* Aim of the task
Retype, word for word, the line holding "photo 16 Geely" and each line after it down to the end of the data; pictures are not copied.

* Dataset excerpt
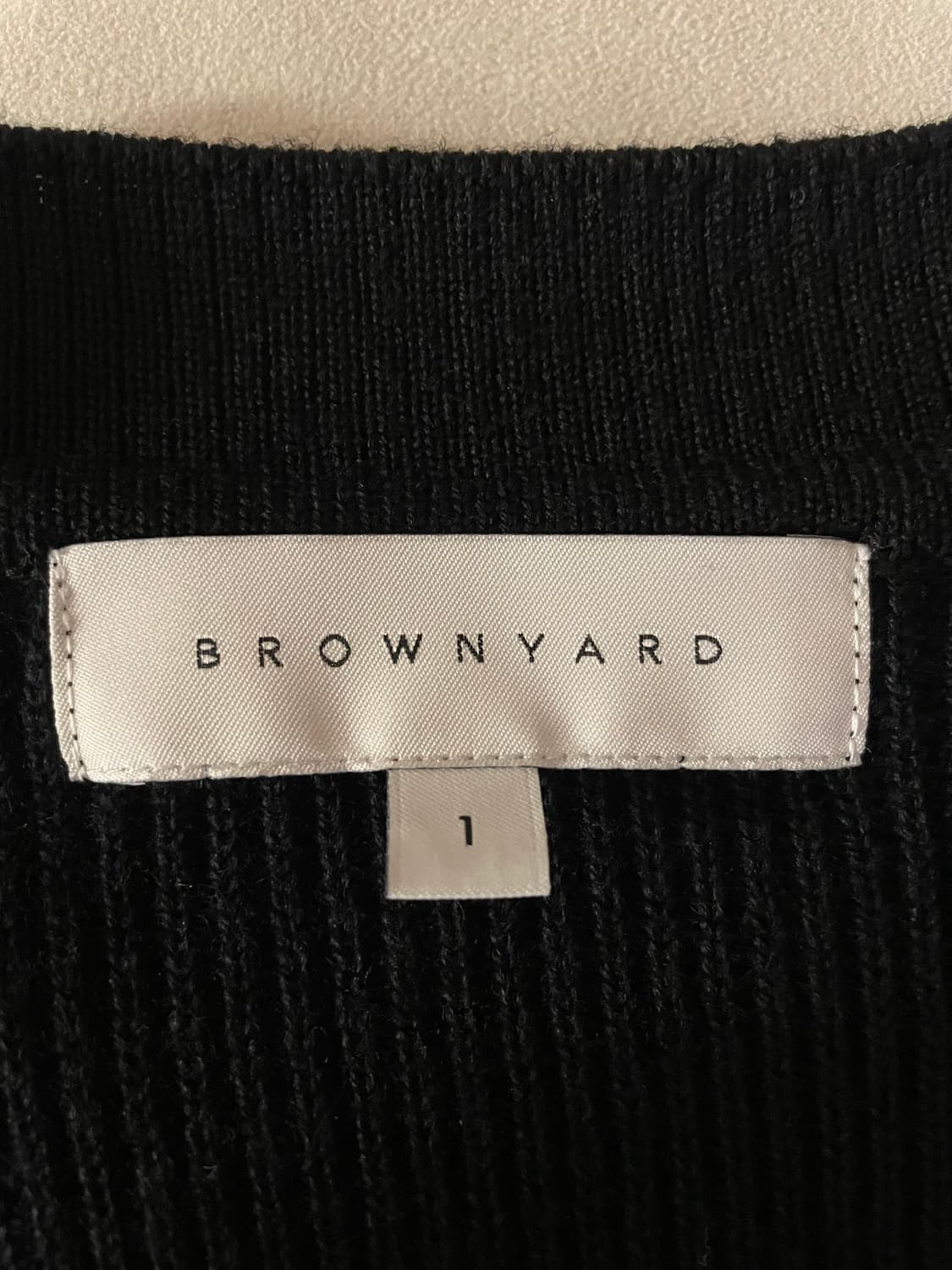 BROWNYARD wool 100% cardigan black 상품이미지3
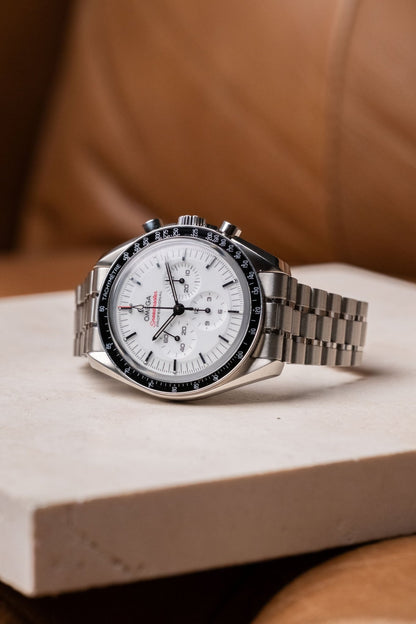 2024 Omega Speedmaster Moonwatch White Dial 310.30.42.50.04.001 - Wristory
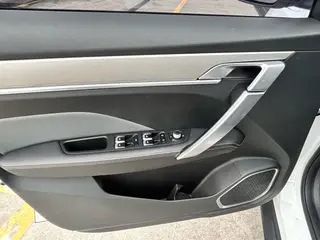 Geely Coolray 2023 1.5T DCT Version platine intérieur photo 16 Geely Coolray 2023 1.5T DCT Version platine intérieur photo 16
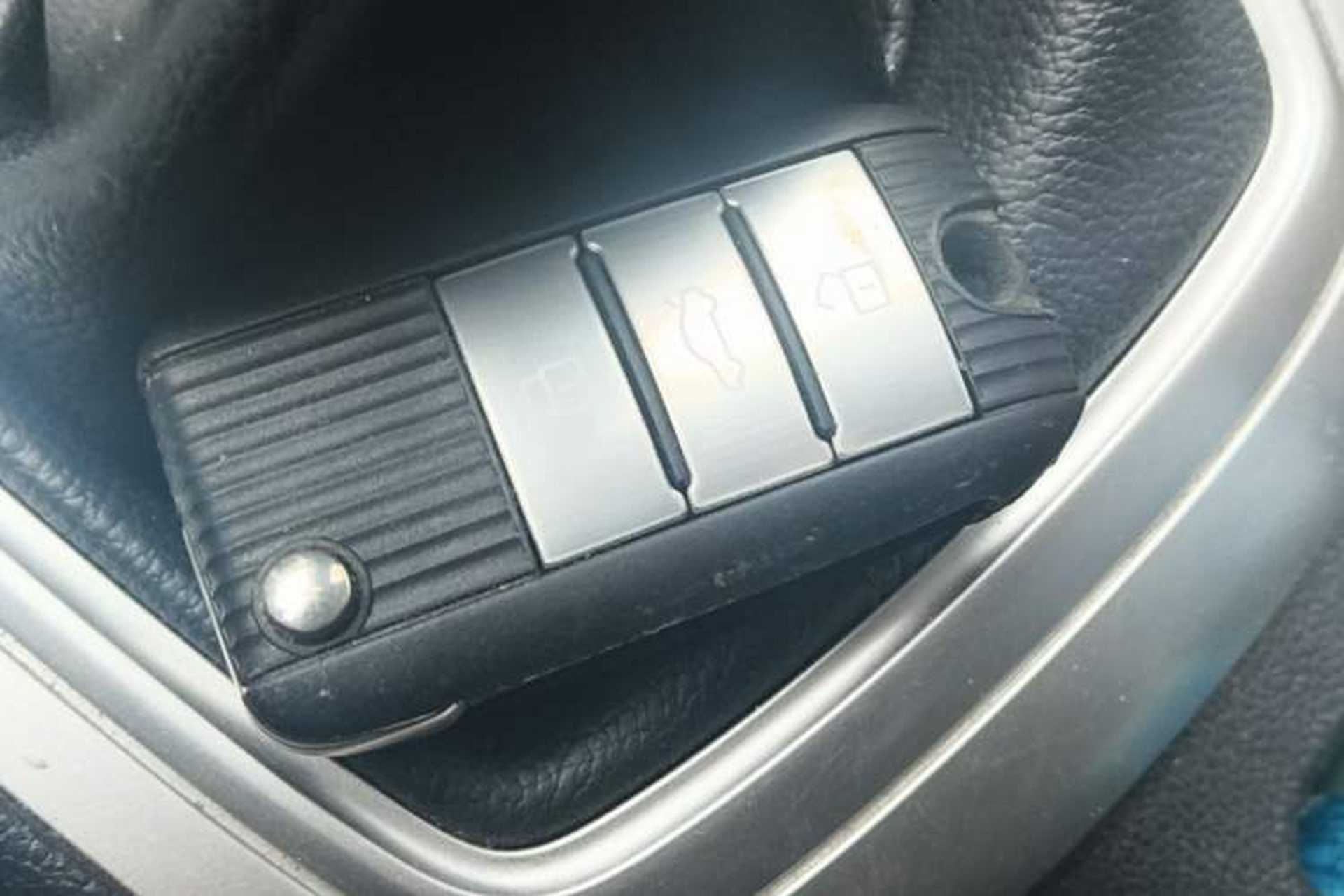 Used Roewe i6 2020 PLUS 1.6L Manual 4G Connect Glory Flagship Edition Vehicle Key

* Answer section
 Geely Coolray 2023 1.5T DCT Version platine intérieur photo 16 Geely Coolray 2023 1.5T DCT Version platine intérieur photo 16
 Used Roewe i6 2020 PLUS 1.6L Manual 4G Connect Glory Flagship Edition Vehicle Key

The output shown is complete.